The European Commission is concerned about what it sees as Europe's increasingly unbalanced trade relationship with the growing Asian economic giant, blaming Chinese trade barriers and a lack of respect for intellectual property rights.
The EU ran a trade deficit of 128 billion euros (171 billion dollars) with China last year and the shortfall is likely to ballon to 170 billion euros this year on current trends, according to figures from the European Commission.
China is Europe's fastest growing trade partner, with Chinese exports to the EU expanding by 15 to 20 per cent every year.
Fuelling fresh tensions with its major trade partners, Chinese figures released Monday showed that China's trade surplus surged by nearly 73 per cent in May from a year earlier.

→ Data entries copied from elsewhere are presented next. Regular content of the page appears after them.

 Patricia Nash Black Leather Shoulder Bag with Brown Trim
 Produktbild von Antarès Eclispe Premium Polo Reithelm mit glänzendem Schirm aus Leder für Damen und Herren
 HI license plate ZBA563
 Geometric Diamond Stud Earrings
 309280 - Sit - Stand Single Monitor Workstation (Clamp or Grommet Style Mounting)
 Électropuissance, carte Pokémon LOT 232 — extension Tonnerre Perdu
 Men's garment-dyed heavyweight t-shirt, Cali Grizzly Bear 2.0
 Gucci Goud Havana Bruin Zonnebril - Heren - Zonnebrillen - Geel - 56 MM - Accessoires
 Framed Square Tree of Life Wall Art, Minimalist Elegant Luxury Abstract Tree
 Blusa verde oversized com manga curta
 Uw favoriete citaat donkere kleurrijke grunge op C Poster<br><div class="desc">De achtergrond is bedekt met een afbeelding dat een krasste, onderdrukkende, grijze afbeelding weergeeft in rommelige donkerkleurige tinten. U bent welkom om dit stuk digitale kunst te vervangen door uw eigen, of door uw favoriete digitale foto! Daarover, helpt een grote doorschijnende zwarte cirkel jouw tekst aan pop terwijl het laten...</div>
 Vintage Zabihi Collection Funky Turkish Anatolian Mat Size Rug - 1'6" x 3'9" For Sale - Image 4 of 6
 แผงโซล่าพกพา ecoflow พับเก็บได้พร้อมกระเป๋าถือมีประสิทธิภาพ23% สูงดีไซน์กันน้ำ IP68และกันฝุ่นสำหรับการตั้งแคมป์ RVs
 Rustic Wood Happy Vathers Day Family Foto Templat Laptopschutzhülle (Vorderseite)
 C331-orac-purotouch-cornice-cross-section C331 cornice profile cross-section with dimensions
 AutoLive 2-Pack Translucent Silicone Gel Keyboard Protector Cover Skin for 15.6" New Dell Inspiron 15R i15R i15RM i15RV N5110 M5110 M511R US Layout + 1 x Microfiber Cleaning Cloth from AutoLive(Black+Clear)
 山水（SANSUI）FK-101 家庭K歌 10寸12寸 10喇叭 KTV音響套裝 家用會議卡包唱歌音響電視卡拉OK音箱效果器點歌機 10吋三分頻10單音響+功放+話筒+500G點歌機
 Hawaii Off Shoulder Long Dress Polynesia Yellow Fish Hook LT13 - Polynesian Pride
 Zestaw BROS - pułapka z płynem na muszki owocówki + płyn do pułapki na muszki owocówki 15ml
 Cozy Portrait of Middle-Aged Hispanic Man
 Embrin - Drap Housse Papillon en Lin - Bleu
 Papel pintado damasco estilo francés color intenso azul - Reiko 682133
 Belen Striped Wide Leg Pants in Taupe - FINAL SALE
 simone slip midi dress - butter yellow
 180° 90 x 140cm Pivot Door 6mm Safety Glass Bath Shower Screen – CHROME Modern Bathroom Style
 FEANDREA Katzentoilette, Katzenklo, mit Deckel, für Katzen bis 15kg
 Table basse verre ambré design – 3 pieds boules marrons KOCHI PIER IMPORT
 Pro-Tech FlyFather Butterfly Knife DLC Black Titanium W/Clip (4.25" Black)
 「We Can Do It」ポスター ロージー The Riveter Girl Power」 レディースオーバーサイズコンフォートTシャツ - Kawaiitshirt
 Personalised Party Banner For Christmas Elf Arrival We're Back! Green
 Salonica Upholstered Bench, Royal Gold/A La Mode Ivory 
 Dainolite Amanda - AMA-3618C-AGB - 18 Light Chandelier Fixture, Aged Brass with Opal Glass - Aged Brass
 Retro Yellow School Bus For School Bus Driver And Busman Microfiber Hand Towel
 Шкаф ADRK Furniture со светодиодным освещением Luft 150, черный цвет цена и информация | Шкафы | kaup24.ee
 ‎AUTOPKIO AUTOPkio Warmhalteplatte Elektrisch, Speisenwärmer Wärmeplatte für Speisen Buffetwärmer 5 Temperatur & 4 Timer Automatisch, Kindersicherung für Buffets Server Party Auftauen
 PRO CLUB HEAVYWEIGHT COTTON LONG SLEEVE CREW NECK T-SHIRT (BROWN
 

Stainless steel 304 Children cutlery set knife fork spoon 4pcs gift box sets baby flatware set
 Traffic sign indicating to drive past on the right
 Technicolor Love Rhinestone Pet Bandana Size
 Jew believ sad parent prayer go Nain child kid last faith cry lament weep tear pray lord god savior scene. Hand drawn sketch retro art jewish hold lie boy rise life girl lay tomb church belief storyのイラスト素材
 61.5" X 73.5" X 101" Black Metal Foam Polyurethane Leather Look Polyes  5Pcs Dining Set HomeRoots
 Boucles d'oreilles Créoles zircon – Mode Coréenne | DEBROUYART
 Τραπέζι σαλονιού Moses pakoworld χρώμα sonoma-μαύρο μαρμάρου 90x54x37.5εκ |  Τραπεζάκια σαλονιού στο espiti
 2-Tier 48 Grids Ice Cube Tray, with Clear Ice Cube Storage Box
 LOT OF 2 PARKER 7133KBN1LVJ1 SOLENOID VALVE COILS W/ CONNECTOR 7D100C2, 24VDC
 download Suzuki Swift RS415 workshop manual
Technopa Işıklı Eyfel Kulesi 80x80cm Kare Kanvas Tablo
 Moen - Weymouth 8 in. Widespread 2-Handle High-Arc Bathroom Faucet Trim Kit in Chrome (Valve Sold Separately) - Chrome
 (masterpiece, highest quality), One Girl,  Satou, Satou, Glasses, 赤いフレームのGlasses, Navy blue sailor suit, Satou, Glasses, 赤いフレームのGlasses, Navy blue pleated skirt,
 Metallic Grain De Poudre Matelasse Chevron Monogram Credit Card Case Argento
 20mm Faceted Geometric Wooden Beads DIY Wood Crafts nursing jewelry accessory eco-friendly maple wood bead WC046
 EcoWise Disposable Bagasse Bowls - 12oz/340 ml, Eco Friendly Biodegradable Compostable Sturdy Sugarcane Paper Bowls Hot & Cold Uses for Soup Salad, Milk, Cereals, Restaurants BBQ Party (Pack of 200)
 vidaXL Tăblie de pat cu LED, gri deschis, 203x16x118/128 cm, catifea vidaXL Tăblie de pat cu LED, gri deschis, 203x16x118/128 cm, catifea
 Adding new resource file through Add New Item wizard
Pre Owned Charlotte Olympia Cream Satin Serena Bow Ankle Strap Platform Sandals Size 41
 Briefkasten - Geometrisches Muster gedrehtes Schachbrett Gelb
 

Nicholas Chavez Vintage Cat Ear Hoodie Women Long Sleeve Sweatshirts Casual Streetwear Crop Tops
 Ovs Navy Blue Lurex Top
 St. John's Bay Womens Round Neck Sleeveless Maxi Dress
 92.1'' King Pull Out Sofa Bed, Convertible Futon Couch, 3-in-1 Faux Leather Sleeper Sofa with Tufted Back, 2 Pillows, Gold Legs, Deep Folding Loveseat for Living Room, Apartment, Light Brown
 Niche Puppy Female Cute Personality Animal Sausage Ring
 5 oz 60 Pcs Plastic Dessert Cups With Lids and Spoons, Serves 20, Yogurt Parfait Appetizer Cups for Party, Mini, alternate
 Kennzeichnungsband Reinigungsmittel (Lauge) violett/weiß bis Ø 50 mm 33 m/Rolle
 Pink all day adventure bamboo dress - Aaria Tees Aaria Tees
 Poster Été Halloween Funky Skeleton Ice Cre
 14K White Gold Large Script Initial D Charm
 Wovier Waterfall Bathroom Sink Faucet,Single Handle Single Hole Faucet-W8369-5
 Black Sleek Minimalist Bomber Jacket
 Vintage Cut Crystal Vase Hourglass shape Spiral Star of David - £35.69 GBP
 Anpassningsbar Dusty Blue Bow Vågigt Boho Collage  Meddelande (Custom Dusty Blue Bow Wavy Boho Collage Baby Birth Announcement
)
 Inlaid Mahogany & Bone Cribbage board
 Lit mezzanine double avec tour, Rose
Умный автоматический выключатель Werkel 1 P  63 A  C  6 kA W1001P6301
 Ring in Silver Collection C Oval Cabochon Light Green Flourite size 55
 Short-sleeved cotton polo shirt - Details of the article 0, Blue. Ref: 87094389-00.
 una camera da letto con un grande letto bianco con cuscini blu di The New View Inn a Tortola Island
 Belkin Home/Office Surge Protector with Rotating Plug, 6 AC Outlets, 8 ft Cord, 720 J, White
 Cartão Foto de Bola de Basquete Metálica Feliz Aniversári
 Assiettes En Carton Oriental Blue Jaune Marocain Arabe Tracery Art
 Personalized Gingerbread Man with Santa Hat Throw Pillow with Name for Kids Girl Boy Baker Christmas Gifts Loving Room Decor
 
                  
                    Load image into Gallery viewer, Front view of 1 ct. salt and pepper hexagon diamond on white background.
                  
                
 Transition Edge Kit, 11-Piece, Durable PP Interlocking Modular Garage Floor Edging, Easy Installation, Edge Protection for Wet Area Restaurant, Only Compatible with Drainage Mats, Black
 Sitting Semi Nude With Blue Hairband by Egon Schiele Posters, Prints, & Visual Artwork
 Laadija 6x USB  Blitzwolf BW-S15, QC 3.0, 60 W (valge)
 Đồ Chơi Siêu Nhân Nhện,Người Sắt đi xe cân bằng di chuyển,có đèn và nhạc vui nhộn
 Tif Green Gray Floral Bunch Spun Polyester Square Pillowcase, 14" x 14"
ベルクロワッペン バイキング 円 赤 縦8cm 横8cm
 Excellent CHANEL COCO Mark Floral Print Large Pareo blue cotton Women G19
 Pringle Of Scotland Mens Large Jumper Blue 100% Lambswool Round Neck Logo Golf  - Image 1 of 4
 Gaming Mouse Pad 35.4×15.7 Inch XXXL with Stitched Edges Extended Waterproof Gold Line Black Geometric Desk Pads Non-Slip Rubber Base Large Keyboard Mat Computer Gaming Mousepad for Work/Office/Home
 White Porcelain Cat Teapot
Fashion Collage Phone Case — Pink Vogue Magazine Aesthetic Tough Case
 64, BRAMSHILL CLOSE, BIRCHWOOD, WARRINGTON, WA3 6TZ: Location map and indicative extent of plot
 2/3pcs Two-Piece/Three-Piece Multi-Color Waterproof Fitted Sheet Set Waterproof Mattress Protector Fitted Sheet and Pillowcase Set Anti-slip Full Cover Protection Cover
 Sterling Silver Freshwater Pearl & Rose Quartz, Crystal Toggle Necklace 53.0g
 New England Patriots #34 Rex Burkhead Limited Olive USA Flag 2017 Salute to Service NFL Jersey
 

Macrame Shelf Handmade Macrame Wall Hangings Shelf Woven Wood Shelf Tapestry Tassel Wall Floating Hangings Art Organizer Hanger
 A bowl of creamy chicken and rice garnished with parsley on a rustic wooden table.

In Mandelson's talks with Bo, China acknowledged "for the first time" that the increasingly unbalanced trade relation was a problem that needed to be solved, according to the EU trade commissioner.
"We need to look very seriously at what is causing this spiralling deficit" in Europe's trade position with China, Mandelson said.
"I heard for the first time from the lips of a Chinese government minister that something must be done," he added.
Mandelson said that while he and Bo had not "agreed on solutions," they had "discussed the reasons and the factors of the deficit in a very intensive way for a very long time."
As the web of trade between China and the EU grows tighter, Brussels and Beijing have clashed in recent years over numerous issues ranging from Chinese clothing exports to copyright piracy.
In their disputes, Mandelson has sought a softer line than Washington, notably by negotiating bilateral deals with China rather than head-on confrontation by opening cases at the World Trade Organisation (WTO).